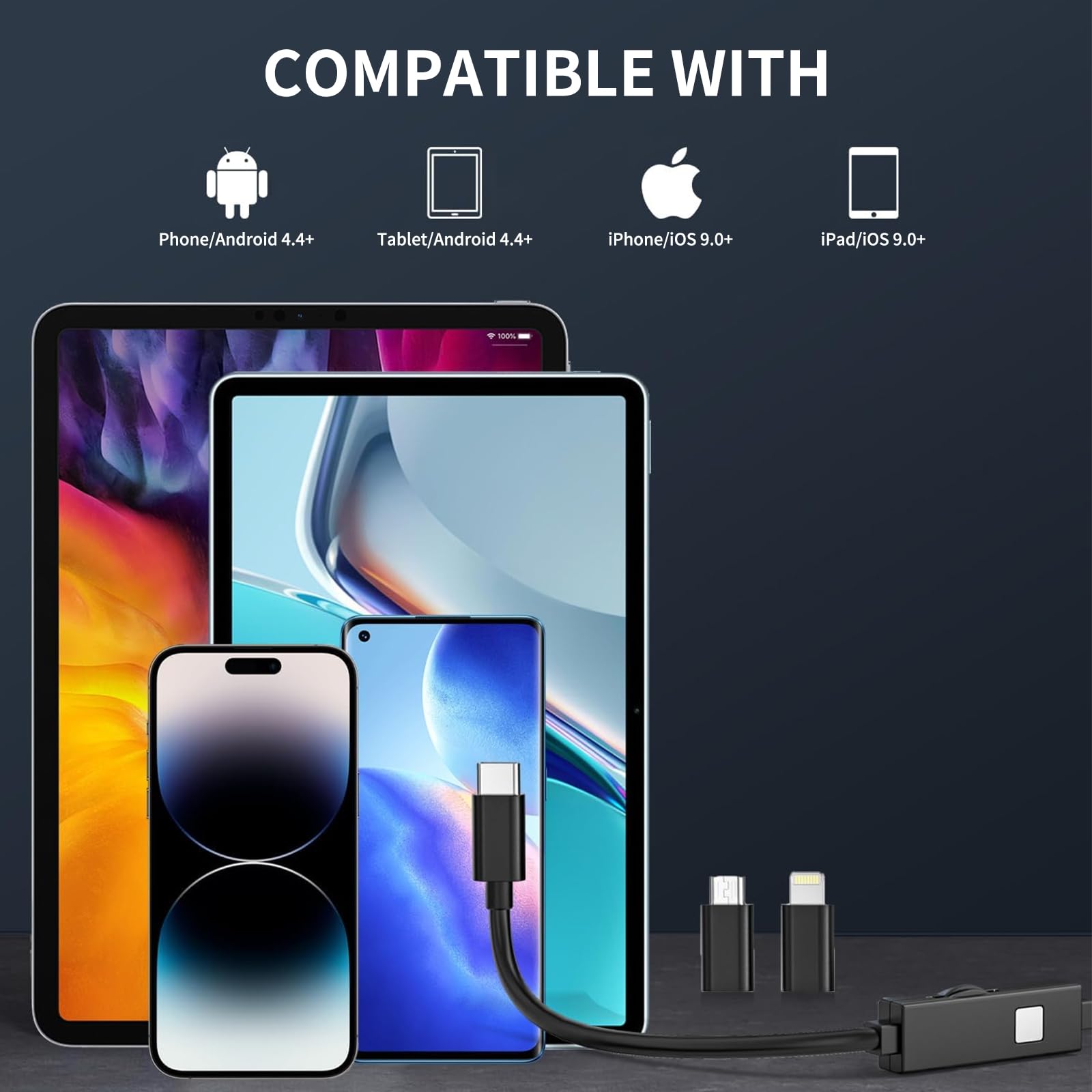 Endoscopio Qimic 1080P HD Con Doppia Lente - Cavo 5m, Impermeabile IP67, Per Android E IPhone, Senza Wi-Fi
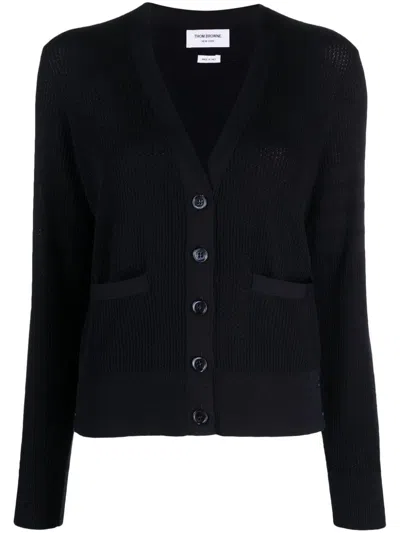 Thom Browne V-neck Virgin Wool Cardigan In 蓝色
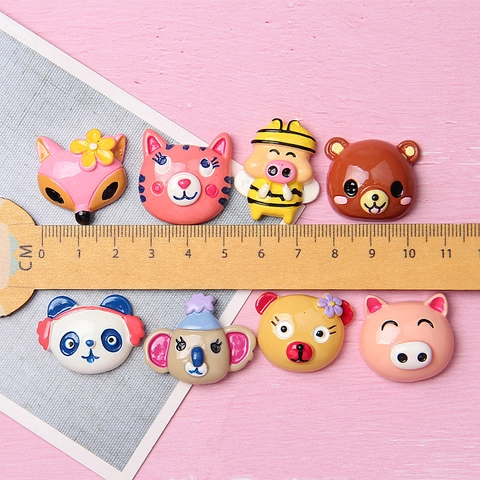 Cute Cartoon Animal Resin Charms For DIY Phone Case Material Hair Accessories Accessories Panda Fox Pig Bear Resin Flatback Findings
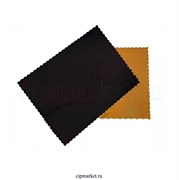 ОПТ     Подложка 30*40 см прямоугольная фигурная черно-золотая, 3,2 мм. Картон ламинированный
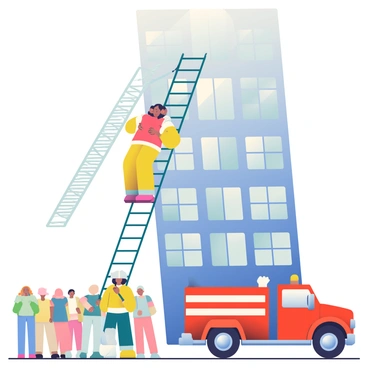 Firefighters in bright yellow uniforms are working diligently as they assist people out of a tall building. The building is of modern architecture, with large glass windows reflecting the sunlight. An extended ladder is reaching out from a red fire truck parked nearby, providing a safe passage for individuals being rescued. One firefighter is helping a woman with dark hair and a red shirt down the ladder, while another firefighter is at the base of the ladder, ensuring safety. In the background, a crowd of onlookers is gathered at a safe distance, watching the rescue operation unfold. The scene conveys urgency and teamwork amid the emergency situation.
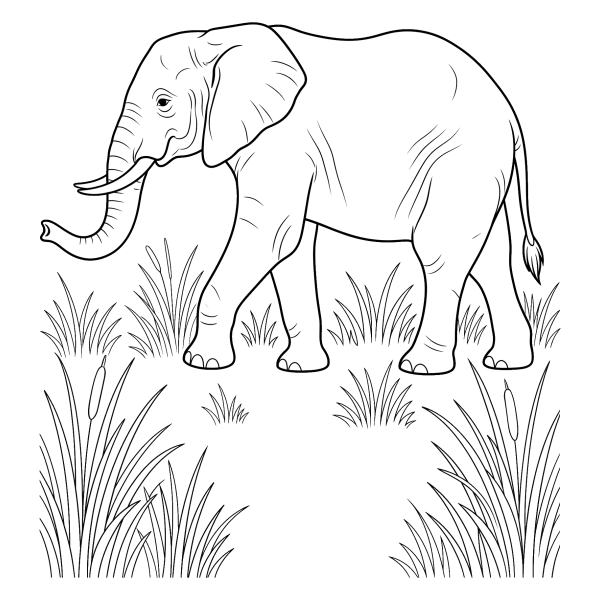 Coloriage Dessin Éléphant Profil à imprimer
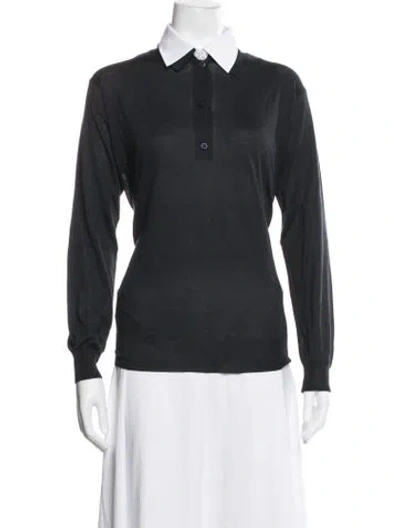 Pre-owned Prada 2024 Long Sleeve Polo W/ Tags In Blue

**Brief:** Repeat exactly the lines from the one containing "Firefighters in bright" to the last line of the records above, including both, and leave out any pictures.

**Result:**
 Firefighters in bright yellow uniforms are working diligently as they assist people out of a tall building. The building is of modern architecture, with large glass windows reflecting the sunlight. An extended ladder is reaching out from a red fire truck parked nearby, providing a safe passage for individuals being rescued. One firefighter is helping a woman with dark hair and a red shirt down the ladder, while another firefighter is at the base of the ladder, ensuring safety. In the background, a crowd of onlookers is gathered at a safe distance, watching the rescue operation unfold. The scene conveys urgency and teamwork amid the emergency situation.
 Coloriage Dessin Éléphant Profil à imprimer
 Pre-owned Prada 2024 Long Sleeve Polo W/ Tags In Blue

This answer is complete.